==== Data to use ====

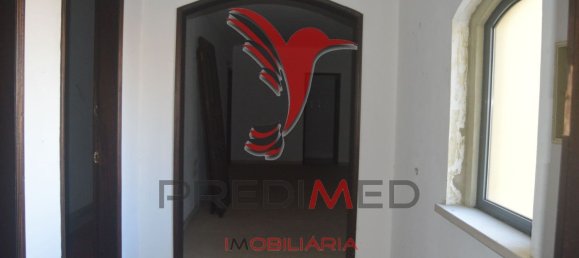 Дом с 16 спальнями в Палмела, Португалия № 124728 7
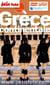 Grece continentale +dvd, 2009-2010 petit fute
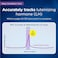 Clearblue Ovulation Complete Starter Kit, 10 Ovulation Tests and 1 Pregnancy Test
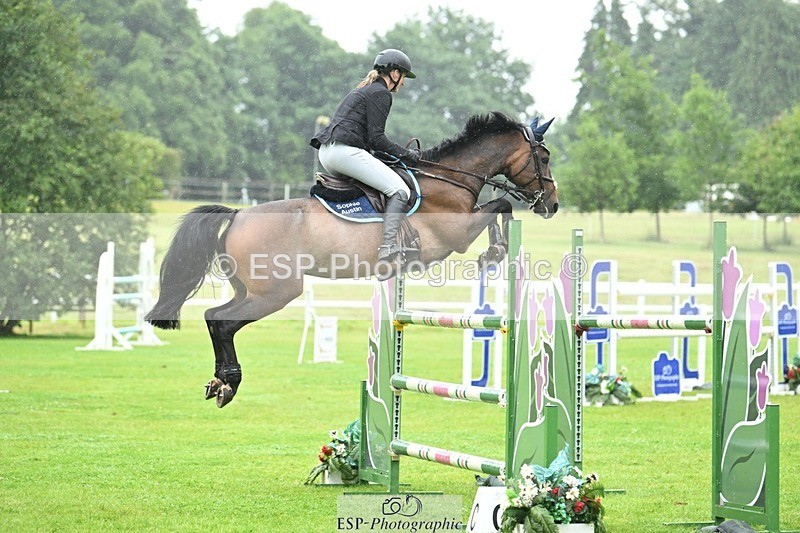 240705-154236-12719 - Cls 18 1.35m Grand Prix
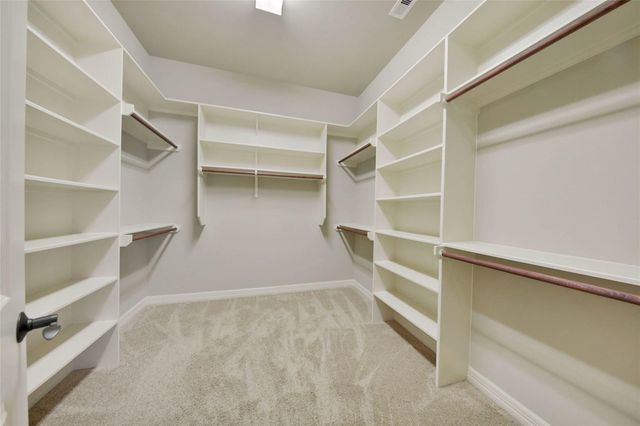 78 Hearthshire Circle, The Woodlands, TX 77354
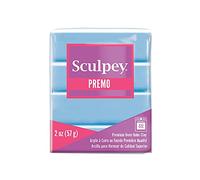 Sculpey Premo Pale Blue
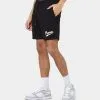 Puma Puma Team 8" TR Shorts Puma Black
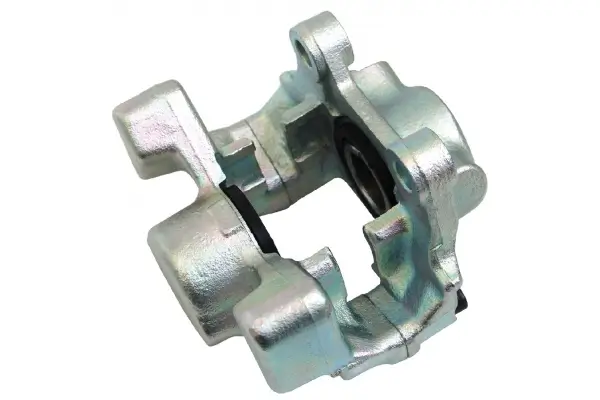 Bremssattel Hinterachse rechts MAPCO 4665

====

**Task to carry out:**
Reproduce exactly, without any picture, the lines from the one bearing "Grece continentale +dvd, 2009-2010" to the last line of the records above.

**Task output:**
 Grece continentale +dvd, 2009-2010 petit fute
 Clearblue Ovulation Complete Starter Kit, 10 Ovulation Tests and 1 Pregnancy Test
 240705-154236-12719 - Cls 18 1.35m Grand Prix
 78 Hearthshire Circle, The Woodlands, TX 77354
 Sculpey Premo Pale Blue
 Puma Puma Team 8" TR Shorts Puma Black
 Bremssattel Hinterachse rechts MAPCO 4665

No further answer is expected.